At the opening of the exhibition “Entangled Islands: Sāmoa, New Zealand and the First World War” I offered some remarks on how we might go about new kinds of remembering, rather than restrict ourselves to just a few narrow horizons of memory.

The horrific war we now remember was fought from 1914-1918 and which led to over 16 million deaths. This legacy of death, and the warnings and weight that we carry because of those deaths, dominate both our memory, and our commemorations, of the First World War. This legacy has often meant that we have forgotten that this great Ocean of ours was also part of that terrible conflict: it was not, after all, known as the Great European War, but the First World War, and battles were fought not only in Europe, but in the Middle East, Asia, Africa and the Pacific.

Still, it is battles like Gallipoli, the Somme, Passchendaele, and Mesopotamia that resonate in New Zealanders’ memories for the lives they took.

But alongside this legacy of death, stand the stories of Sāmoa and New Zealand in the First World War. This is a living legacy. Is there any legacy quite as strong, today, one hundred years after the war? Imagine a New Zealand without nearly 150,000 Sāmoans. Imagine how different this history would be. Imagine if, in 1939, a German Pacific Fleet was still sailing between China and Apia. Or imagine the Auckland Blues, or Auckland culture or the All Black backline or the Silver Ferns, or New Zealand music, or this museum if it was not enriched by generations of Sāmoa, a shared history that has tied together Sāmoa and New Zealand for a hundred years.

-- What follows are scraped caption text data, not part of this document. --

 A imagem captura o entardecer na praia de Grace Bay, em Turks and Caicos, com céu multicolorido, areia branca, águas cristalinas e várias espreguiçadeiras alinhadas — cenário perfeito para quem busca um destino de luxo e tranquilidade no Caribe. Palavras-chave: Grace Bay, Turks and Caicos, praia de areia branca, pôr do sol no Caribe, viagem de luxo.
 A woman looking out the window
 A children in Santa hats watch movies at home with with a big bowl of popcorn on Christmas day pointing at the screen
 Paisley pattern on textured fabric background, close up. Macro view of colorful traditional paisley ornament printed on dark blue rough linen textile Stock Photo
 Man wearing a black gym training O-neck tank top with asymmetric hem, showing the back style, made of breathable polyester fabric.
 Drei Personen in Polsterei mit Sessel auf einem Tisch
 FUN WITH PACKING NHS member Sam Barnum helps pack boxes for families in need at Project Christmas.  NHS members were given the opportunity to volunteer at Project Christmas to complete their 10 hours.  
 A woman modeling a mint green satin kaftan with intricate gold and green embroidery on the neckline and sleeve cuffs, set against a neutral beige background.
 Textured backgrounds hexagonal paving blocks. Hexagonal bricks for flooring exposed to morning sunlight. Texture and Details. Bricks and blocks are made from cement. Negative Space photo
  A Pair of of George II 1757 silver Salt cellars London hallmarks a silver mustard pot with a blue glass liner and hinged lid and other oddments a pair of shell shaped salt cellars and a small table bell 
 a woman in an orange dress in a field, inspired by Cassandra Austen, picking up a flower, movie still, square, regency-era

On August 29th 1914 New Zealand forces landed in Sāmoa, and New Zealand would not leave for nearly fifty years. The end of the war brought the horror of mass death to Sāmoa, with the outbreak of the 1918 Influenza epidemic (which killed perhaps more than one in five Sāmoans). New Zealand stayed on through the epidemic, through a massive Sāmoan rebellion, through another World War, through a part of the Cold War. By the time New Zealand left Sāmoa, thousands of Sāmoans had made New Zealand—and especially Auckland—their home. New Zealand may have left Sāmoa; but Sāmoa did not leave New Zealand.

Lest We Forget.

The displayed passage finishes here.